The confirmation hearing of Judge Coney-Barrett has triggered a firestorm of discussion on my Twitter feed about the meaning of the term 'originalism'. My own Twitter feed is more of a counter-narrative - people responding to claims that Canada doesn't subscribe to the American originalist doctrine, essentially arguing that Canada's "living tree" principle is not in opposition to an originalist approach.  (Naming names, I've seen posts to more-or-less this effect by Emmett Macfarlane, Leonid Sirota, Asher Honickman, and Mark Mancini - with some variation between their positions. I've linked relevant Tweets, and I'm genuinely trying to be fair to everyone's position, but if anyone feels I'm misrepresenting your positions or using any straw man arguments here, I invite clarification.)

These folks largely have stronger constitutional law credentials than I do, and I don't take issue with the core point being made (particularly by Honickman) that even Canada follows a doctrine that suggests that the meaning a statute is fixed at the point of enactment...but I don't think that captures the concept of Originalism as it is being used in the American context.
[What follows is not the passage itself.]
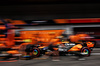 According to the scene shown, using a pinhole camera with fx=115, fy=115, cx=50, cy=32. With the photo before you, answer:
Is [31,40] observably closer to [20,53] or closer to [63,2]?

In America, the question that earmarks the originalist interpretive movement is "What was the intent of the framers?" - which invariably pulls us into a debate of shifting values, where the originalists want to interpret the US Constitution in accordance with the values that prevailed in the day. (More technically, most followers of Scalia's Originalism ask what a reasonable person, at the time of enactment, would have understood the language to mean.) This extends, for most originalists, to the application at issue in the particular case: When the Fourteenth Amendment was crafted, would it have been understood as extending equal protection to apply on bases of sex, sexual orientation, gender identity, etc.?

When you ask that question in that way, as Scalia did, you answer it in the negative.

In Canada, we don't ask that question, or at least not in the same way.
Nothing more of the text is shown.